Rafael: Eu sou médico, não sou escalador, não sou alpinista, nada. Eu tive a ideia de fazer a viagem. Eu fiz cinco anos de residência médica, trabalhei, dei muito plantão, estudei muito. Na hora em que terminou essa minha fase de especialização, eu falei “cara, você merece uma viagem.” Eu resolvi me dar de presente uma viagem para eu relaxar, curtir um pouco. Estava pensando par aonde eu poderia ir e nisso eu li um livro, de um brasileiro, o Rodrigo Ranieri, chamado “No Teto do Mundo“, bem bacana. Ele conta as experiências para subir o Everest. Eu achei bacana este tema. Ele (Rodrigo Ranieri) tem uma agência de viagem, eu fui lá conversar com o pessoal da agência e já voltei com um pacote comprado até o acampamento base do Everest, não é topo do Everest.
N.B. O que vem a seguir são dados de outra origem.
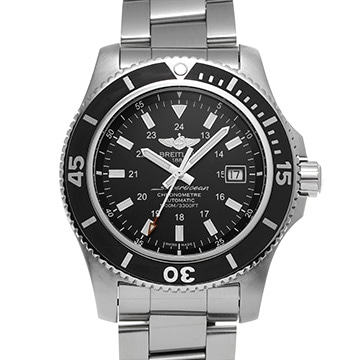 ブライトリング スーパーオーシャン II 44 ジャパンエディション A17392D7/BG84 ブラック メンズ 時計 【中古】【wristwatch】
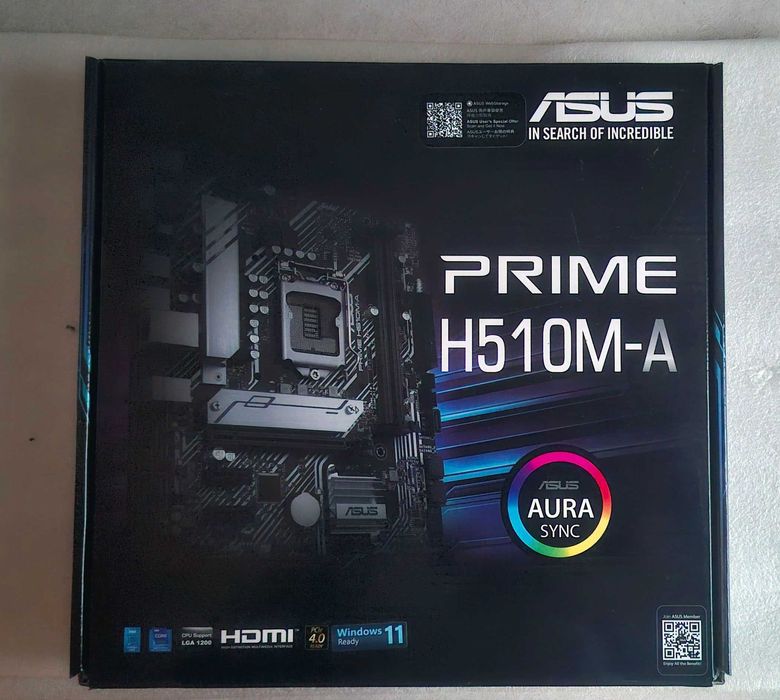 Płyta główna ASUS PRIME H510M-A , Procesor Core i5-11400F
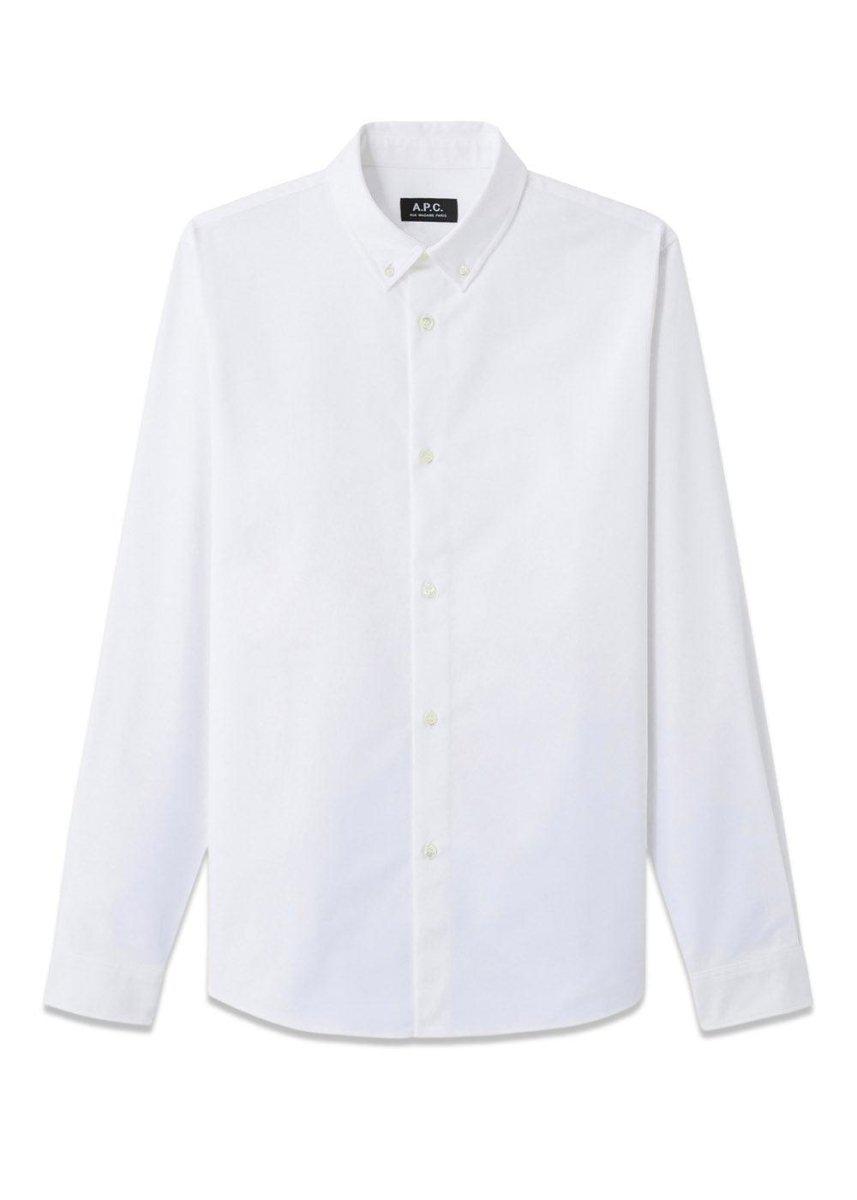 A.P.C's Chemise Button Down - White. Køb shirts her.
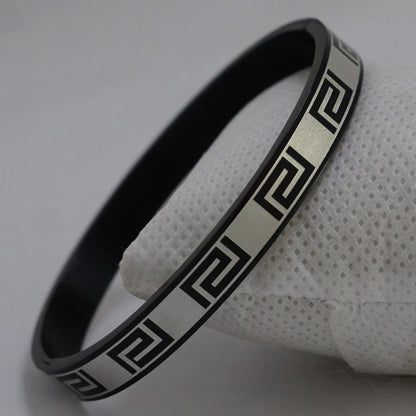 Men's Textured Zig Zag Kada Bracelet Design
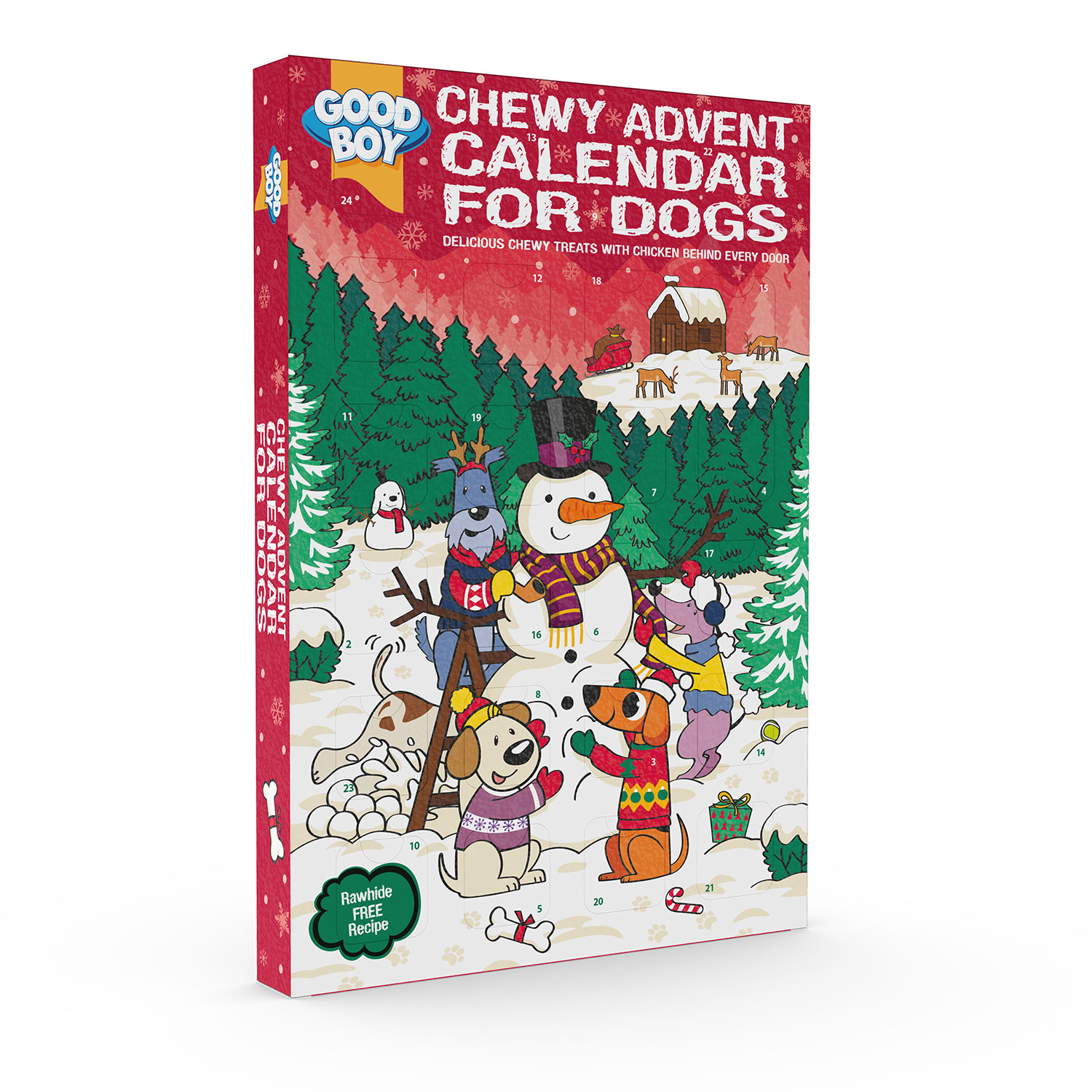 Good Boy Chewy Advent Calendar for Dogs Horse Rider Pet and Yard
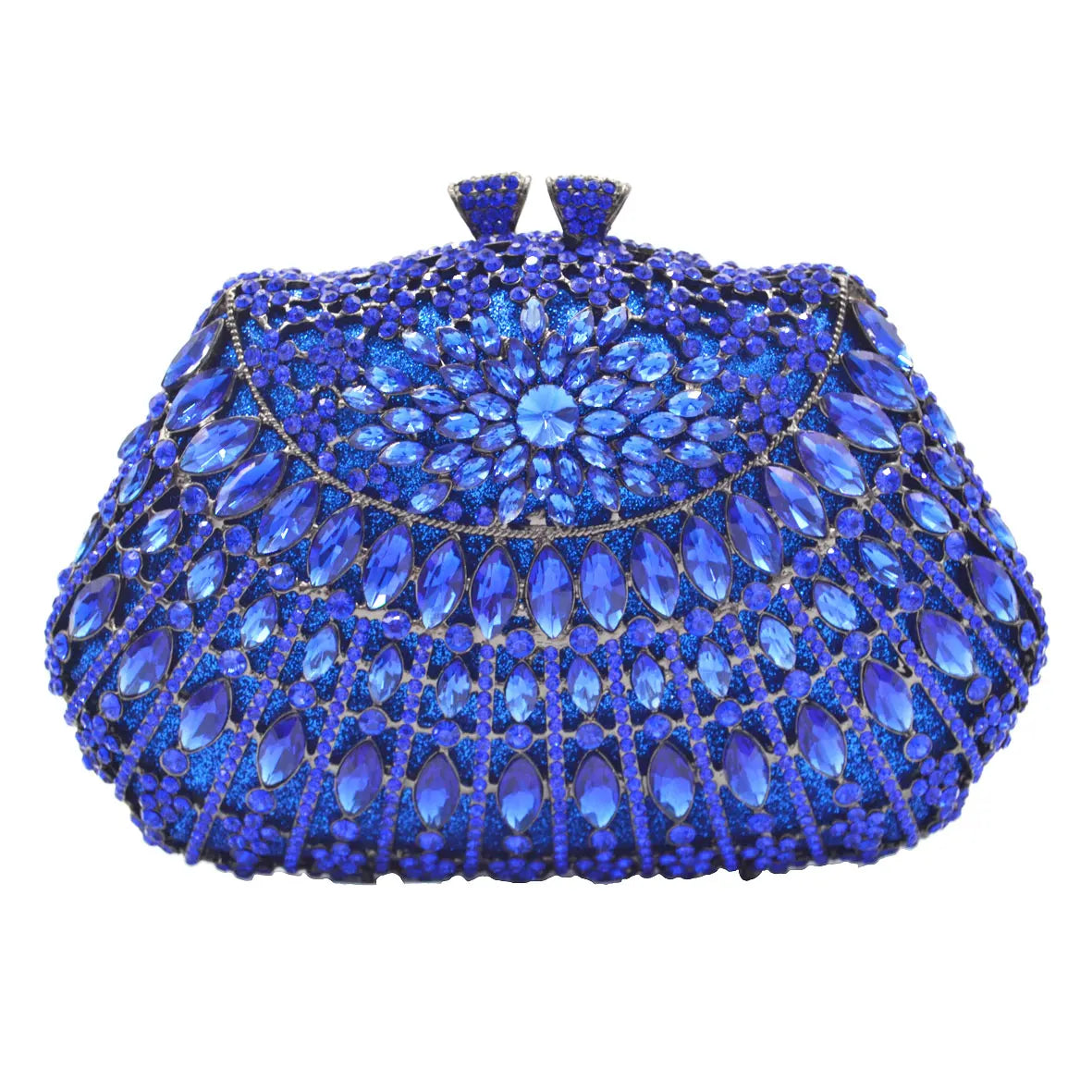 Bolsa de mão luxuosa com cristais e rosas, em ouro para mulheres, baile, casamento, sm67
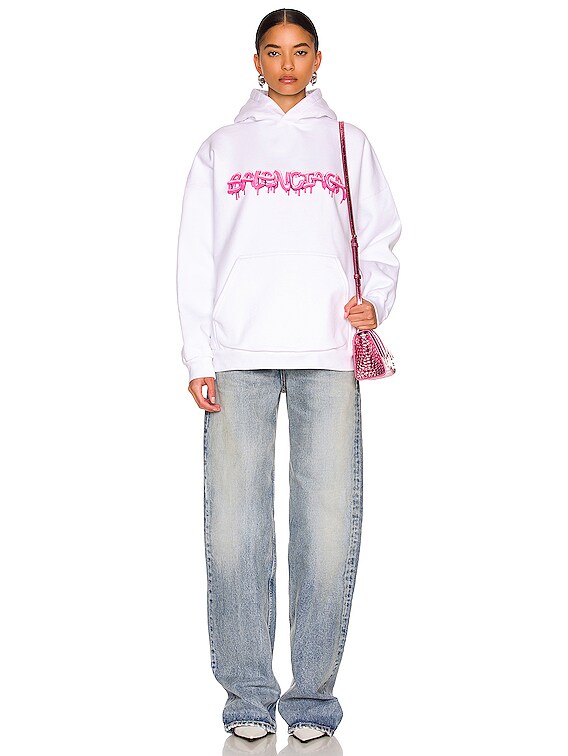 BALENCIAGA ワイドフィット フーディー 快適 スタイリッシュ BALENCIAGA】ワイドフィット ジップアップ パーカー (BALENCIAGA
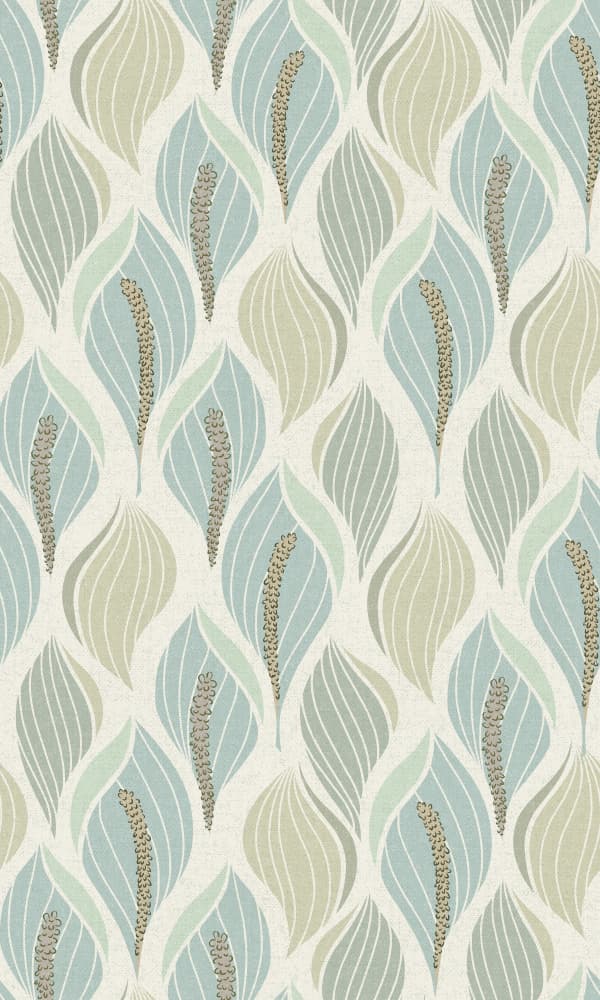 Gentle Botanical Flow by Annick — canvas wall art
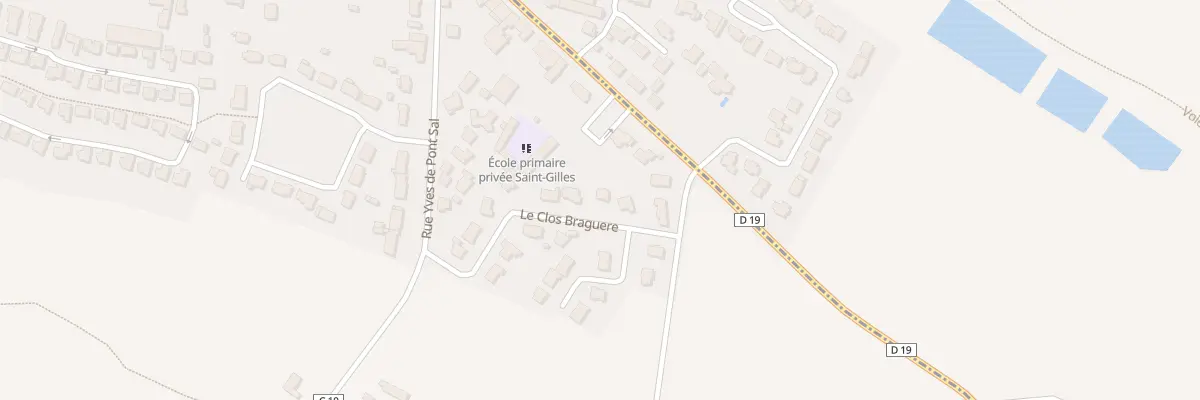 Plan du 4 Lot Le Clos Braguere à Pluneret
icone bussola Tua intenção não era chegar até o Pico?

Rafael: Minha intenção não era chegar até o Pico. Porque eu não sou atleta. E ainda estava vindo de uma fase em que eu estava mais sedentário, mas achei que este objetivo era uma coisa que eu poderia realizar. Eles me passaram uma preparação de quatro meses, fazendo musculação, correndo, essas coisas, e aí acho que deu pra preparar legal.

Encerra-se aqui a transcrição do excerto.